Figure 19. (a) Time history of velocity fluctuations of hot-film sensors $u'(t)$, calibrated and filtered signals for $(\alpha, S)=(0,0)$. A complete data record sampled at 512 Hz is shown; the straight probe (dashed line) and bent probe (solid line). (b) Auto- and cross-correlations of velocity fluctuations of the time histories shown in panel (a).

Figure 20. Power spectrum of the signal from the straight probe in figure 19(a) corresponding to $(\alpha, S) = (0, 0)$, where the dominant frequency and its first harmonic are labelled.
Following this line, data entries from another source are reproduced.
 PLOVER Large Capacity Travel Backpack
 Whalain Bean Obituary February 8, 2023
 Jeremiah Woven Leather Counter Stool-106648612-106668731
The plot on the right is a subset of the adjacent plot focusing on frequencies between 1 and 5 Hz.

Figure 21. Consolidated plot of dominant frequencies with respect to $\alpha$ and $S$. Note, the labelled outlier corresponds to $(\alpha, S) =(0, 2)$, where the dominant frequency corresponds to an amplitude slightly smaller than its first harmonic. Results from Calvert (Reference Calvert1967) are also shown for reference.

Figure 22. Comparison of Strouhal numbers, $St(\alpha )$: $\times$, current study $(t=0.074)$; $\ast$, Lee (Reference Lee2022) $(t=0.048)$; and $\square$, Knisely (Reference Knisely1990) data in a water channel $(t=0.10)$. (a) All data are reported with their respective definitions of length scales. (b) Current and Lee's data scaled down with $\cos \alpha$, $St_\alpha$, for comparison with Knisely's data. (c) Knisely's data are scaled up, $St_{\alpha, \gamma }$, and angles of incidence are shifted by $\gamma =5.7^\circ$ for comparison with the current and Lee's data.

Figure 22 presents comparisons of sample results from this study with those of Knisely (Reference Knisely1990) and Lee (Reference Lee2022). Knisely's data are on one of fourteen two-dimensional rectangular cylinders in a water channel and five in a wind tunnel while the current work is on a finite disc in a wind tunnel. In the water channel, vortex shedding is primarily a 2-D phenomenon in Knisely's work, while the current work is 3-D. Nevertheless, a comparison is carried out in figure 22(a) between the current results for the non-spinning disc and Knisely's data. For comparison, the thickness ratio in the current study is $t=0.074$, while the closest value Knisely has is $t=0.10$ (their figure 8) in the water channel experiments. The Strouhal number $St$ for $\alpha =0$ is approximately 0.15 for both studies. As the angle $\alpha$ increases, the current $St$ values monotonically increase while Knisely's reach a plateau at 0.16, then decreases for $\alpha$ beyond $50^\circ$. Data for thickness ratio of $t=0.040$ in Knisely's figure 7 show a similar trend up to $\alpha =60^\circ$. For a more meaningful comparison, figure 22(b) is constructed from panel (a) by rescaling the current $St$ with $\cos \alpha$ to construct a scaled Strouhal number $St_\alpha$, whereby the projection of the disc diameter $D$ normal to the flow is employed as the length scale;

(6.1)\begin{equation} St_\alpha = \frac{f D }{U_\infty} \cos \alpha = \cos \alpha \, St. \end{equation}

Current results, even when scaled, monotonically increase with increasing $\alpha$, while those of Knisely remain range bound. Finally, in figure 22(c), for a direct comparison with the current data, Knisely's data are scaled up as $St_{\alpha, \gamma }$ using the diagonal distance $D/\cos \gamma$ of the rectangular cylinder, the longest dimension in the cross-section exposed to the free stream, as the length scale and measuring the angle of incidence from the normal to the diagonal, where $\gamma =\arctan (t=0.10)=5.7^\circ$ (cf. $D'$ in figure 4 of Knisely);

(6.2)\begin{equation} St_{\alpha,\gamma} = \frac{f (D/\cos \gamma) }{U_\infty} \frac{1}{\cos (\alpha-\gamma) } = \frac{1 }{\cos (\alpha-\gamma) \cos \gamma} \, St. \end{equation}

The scaled up data follow the the same trend as the current results, albeit at a lower level. Again, the main reason for the differences is that the flow discussed here is fully 3-D, while those of Knisely are nominally 2-D.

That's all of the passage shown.